Renata Piazzalunga, arquiteta: 'O mundo não precisa de mais mesas e cadeiras'

“Sou arquiteta de formação, fiz mestrado e doutorado na USP e pós-doutorado na London School of Economics. Segui carreira acadêmica até 2004, quando fundei o IPTI . Nossa proposta é transformar a pesquisa acadêmica em prestação de serviço para comunidades brasileiras.”

Conte algo que não sei.

A Ilha do Ferro é um povoado localizado em Alagoas, no município de Pão de Açúcar. É um paraíso perdido. Tem aproximadamente 300 famílias e não tem pousada, restaurante, nada. Turista não pode ir. Fica à beira do Rio São Francisco e é um dos lugares em que desenvolvemos esse projeto de artesanato. A comunidade é dividida: os homens fazem artesanato em madeira, e as mulheres, o bordado Boa Noite, uma técnica que só existe lá e que corre risco de extinção. É uma joia, uma preciosidade perdida.

Como é o bordado?

O Boa Noite provavelmente tem origem europeia, não se sabe muito bem como ele chegou lá. Fala-se que uma senhora de um povoado vizinho levou a técnica para a Ilha do Ferro. O bordado é feito contando as tramas do tecido, desfiando e rebordando, um trabalho altamente delicado e nobre. É um processo de desconstrução e reconstrução. É lindo. As peças são delicadíssimas.

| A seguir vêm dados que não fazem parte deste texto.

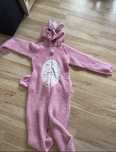 Onesie jednorożec różowe - piżama jednoczęściowa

Você leva designers renomados para trabalhar com artesãos de pequenas comunidades do Nordeste. Como é isso?

Esse processo se dá em uma série de etapas. Primeiramente, é feito um levantamento iconográfico para conhecer a fundo não só a comunidade como um todo, mas cada artesão individualmente. Com essas informações, conseguimos passar para os designers pontos fortes e o que precisa ser trabalhado em cada comunidade. Não adianta o designer mandar um projeto todo bonitinho se ele não é aplicável. Além disso, bordadeira e designer têm linguagens diferentes. Centímetro não é unidade de medida para elas, que adotam como base o número de tramas. Ter esse conhecimento, essa imersão, é extremamente importante para o sucesso do projeto.

Vocês desenvolvem produtos voltados para o mercado de luxo. Já aconteceu algum estranhamento?

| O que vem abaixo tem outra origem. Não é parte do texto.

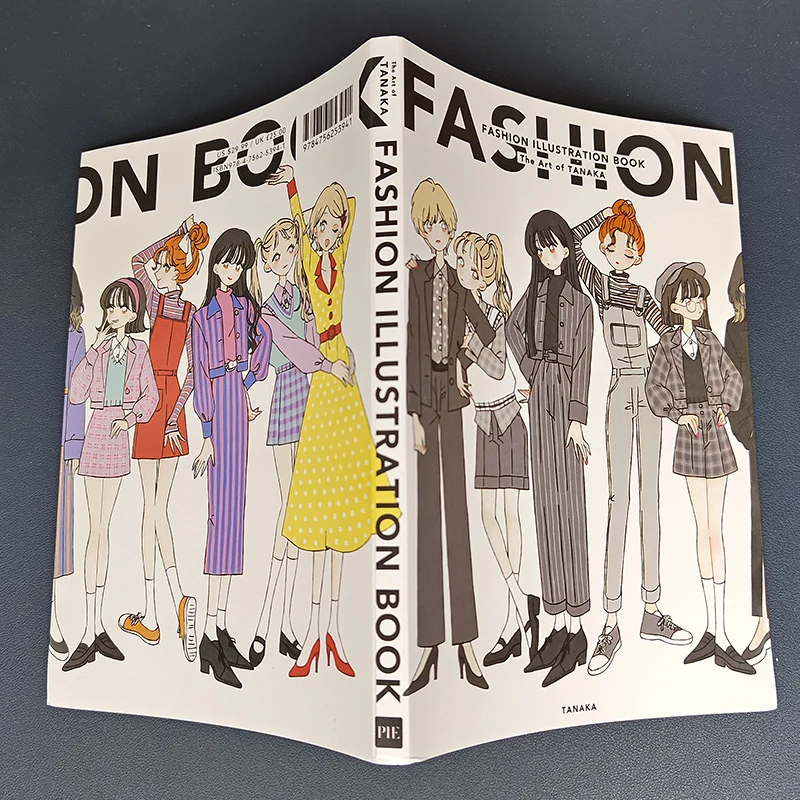 

Japan Fashion Illustration Book in English Fashion Clothing Album Art Book Illustrated Collection Of Japanese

O único produto que causou certo estranhamento entre os artesãos foi a coleção que fizemos com os irmãos Campana, uma linha de luminárias em que o bordado era a foto da própria bordadeira. Houve uma certa resistência no início, mas, no final, o episódio foi até muito bonito. Pessoas ques que passam a vida bordando e pouco se olham, se encontraram refletidas nos objetos que produzem.

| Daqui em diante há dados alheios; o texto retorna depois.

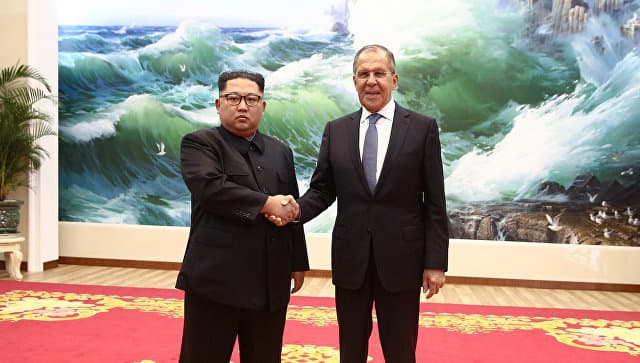 Lavrov Kim Chen In bilan uchrashdi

Há cinco anos, você já dizia que, apesar da tecnologia, as pessoas voltariam a consumir artesanato e produções mais lentas. De onde veio a percepção?

Na correria do cotidiano e em meio a tanta tecnologia, cada vez temos menos tempo para manter contato direto com as pessoas com quem gostaríamos de estar. É natural que o ser humano sinta necessidade de se manifestar de formas mais pessoal e que queira transportar isso para os objetos. Daí o encantamento com um bordado em que se consegue ver o erro do ponto, onde o rigor da máquina não substituiu uma história, um propósito, o cheiro de uma comunidade. Isso se manifesta como valor. O mundo não precisa de mais cadeiras e mesas. A produção de um objeto só se justifica se nele você consegue identificar uma história.